Working data: Begin

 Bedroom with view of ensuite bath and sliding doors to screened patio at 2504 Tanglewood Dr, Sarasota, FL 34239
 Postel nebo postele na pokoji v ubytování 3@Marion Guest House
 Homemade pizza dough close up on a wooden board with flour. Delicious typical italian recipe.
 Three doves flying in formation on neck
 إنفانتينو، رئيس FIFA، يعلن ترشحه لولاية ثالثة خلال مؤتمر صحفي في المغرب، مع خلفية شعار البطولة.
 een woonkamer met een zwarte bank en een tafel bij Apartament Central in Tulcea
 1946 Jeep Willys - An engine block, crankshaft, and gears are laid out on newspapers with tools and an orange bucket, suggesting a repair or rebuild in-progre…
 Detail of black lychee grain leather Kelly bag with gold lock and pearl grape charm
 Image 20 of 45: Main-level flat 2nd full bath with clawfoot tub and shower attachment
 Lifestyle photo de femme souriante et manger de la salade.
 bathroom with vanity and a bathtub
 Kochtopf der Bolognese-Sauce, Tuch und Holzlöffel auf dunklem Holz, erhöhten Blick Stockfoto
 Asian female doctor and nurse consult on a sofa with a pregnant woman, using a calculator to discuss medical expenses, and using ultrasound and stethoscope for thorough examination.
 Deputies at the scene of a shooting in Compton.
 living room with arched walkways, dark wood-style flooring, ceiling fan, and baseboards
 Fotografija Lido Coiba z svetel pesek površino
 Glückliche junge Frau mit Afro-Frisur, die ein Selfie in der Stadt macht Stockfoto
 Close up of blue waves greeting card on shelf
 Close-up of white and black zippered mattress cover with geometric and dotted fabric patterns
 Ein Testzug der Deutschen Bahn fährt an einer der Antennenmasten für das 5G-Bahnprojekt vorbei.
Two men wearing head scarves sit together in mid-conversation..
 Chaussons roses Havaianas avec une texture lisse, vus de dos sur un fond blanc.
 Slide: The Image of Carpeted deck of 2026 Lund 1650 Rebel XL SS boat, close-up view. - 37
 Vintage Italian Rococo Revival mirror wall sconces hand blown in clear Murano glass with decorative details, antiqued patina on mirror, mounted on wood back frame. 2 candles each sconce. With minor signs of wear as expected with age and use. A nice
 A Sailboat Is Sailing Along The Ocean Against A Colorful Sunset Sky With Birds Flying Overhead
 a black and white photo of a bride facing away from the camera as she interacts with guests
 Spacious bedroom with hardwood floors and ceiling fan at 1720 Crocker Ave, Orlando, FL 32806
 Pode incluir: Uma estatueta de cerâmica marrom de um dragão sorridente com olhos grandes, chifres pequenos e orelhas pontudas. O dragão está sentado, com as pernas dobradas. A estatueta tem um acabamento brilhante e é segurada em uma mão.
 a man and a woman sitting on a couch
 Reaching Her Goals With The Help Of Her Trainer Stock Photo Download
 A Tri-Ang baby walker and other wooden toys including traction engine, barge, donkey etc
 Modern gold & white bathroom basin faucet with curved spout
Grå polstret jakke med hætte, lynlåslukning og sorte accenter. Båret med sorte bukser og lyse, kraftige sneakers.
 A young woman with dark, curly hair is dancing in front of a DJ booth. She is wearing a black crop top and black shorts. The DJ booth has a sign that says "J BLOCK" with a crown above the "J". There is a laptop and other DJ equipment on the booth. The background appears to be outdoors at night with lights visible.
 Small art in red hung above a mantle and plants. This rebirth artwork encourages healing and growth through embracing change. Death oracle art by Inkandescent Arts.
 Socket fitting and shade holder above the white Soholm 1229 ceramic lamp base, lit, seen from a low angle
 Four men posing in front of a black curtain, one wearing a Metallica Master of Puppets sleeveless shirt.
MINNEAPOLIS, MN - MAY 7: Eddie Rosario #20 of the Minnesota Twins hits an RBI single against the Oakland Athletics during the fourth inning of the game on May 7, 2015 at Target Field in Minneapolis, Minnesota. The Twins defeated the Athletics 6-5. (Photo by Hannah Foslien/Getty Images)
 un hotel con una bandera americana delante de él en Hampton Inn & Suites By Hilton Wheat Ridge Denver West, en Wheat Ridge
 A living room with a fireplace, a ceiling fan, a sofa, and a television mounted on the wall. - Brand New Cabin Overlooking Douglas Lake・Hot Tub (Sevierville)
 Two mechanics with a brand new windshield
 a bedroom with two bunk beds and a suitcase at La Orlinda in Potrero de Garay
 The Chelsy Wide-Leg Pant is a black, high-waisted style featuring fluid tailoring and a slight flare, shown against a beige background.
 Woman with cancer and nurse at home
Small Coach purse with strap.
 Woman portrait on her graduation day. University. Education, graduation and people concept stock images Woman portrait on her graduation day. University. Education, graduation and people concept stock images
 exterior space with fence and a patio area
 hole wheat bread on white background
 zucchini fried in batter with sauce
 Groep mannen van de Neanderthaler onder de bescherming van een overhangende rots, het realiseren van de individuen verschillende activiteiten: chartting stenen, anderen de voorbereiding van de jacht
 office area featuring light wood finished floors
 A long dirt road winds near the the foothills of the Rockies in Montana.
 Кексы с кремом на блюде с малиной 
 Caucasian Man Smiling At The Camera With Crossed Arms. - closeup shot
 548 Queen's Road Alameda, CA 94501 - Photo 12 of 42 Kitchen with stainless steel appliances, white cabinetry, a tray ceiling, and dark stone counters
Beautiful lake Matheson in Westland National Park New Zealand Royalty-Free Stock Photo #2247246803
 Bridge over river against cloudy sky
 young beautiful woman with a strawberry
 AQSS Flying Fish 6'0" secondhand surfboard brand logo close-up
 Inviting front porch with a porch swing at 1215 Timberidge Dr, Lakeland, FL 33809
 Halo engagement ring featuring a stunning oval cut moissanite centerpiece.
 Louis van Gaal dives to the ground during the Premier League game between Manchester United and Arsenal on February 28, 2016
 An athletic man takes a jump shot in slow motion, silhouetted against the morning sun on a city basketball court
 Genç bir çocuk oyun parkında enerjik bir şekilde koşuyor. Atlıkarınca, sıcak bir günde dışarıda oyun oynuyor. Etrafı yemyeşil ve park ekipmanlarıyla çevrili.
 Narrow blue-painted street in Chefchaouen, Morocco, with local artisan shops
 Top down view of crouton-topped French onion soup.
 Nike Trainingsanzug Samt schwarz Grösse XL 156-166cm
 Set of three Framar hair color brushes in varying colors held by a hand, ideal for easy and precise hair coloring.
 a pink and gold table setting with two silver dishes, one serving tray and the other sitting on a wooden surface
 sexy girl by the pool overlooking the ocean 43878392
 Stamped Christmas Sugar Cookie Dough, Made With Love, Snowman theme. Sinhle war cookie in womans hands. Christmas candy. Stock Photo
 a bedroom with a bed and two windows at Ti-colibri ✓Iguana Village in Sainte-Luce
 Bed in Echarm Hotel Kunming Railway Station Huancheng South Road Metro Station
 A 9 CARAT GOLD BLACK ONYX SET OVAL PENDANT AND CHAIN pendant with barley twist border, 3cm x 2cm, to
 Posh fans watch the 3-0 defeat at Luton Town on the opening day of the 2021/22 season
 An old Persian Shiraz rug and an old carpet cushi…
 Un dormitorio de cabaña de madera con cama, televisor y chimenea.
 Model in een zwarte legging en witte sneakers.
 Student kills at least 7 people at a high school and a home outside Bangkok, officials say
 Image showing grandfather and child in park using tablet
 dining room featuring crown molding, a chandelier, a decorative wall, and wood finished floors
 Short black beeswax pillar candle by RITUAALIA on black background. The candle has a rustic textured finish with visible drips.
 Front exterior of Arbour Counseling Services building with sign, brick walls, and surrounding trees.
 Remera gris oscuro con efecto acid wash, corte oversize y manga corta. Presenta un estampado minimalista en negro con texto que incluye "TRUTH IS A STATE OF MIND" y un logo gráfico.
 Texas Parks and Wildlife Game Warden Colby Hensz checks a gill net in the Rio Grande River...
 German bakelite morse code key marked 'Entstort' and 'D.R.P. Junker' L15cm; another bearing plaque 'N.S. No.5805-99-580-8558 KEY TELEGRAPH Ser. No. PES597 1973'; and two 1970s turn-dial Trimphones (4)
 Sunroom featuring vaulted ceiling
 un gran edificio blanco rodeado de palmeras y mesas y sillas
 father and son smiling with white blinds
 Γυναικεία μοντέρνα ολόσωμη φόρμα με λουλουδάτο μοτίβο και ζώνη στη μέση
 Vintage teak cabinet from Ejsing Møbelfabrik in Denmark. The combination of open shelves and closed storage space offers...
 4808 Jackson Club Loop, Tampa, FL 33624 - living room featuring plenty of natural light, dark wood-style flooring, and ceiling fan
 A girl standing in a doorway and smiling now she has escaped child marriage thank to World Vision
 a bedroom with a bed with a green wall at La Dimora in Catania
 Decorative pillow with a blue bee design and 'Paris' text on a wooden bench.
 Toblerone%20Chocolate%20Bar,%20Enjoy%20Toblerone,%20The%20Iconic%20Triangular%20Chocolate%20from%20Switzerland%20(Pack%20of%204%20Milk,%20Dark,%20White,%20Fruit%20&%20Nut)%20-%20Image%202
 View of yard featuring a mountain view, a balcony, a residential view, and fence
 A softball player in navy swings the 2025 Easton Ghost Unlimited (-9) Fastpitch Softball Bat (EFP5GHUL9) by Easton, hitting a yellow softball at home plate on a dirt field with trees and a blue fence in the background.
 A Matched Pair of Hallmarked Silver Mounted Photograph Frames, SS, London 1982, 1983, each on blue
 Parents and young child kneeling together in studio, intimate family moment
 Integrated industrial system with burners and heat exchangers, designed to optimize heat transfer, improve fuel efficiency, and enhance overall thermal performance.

Working data: End

## Work to complete
Only the number is wanted: how many lines of the material above include the word "flooring"?

## Output
2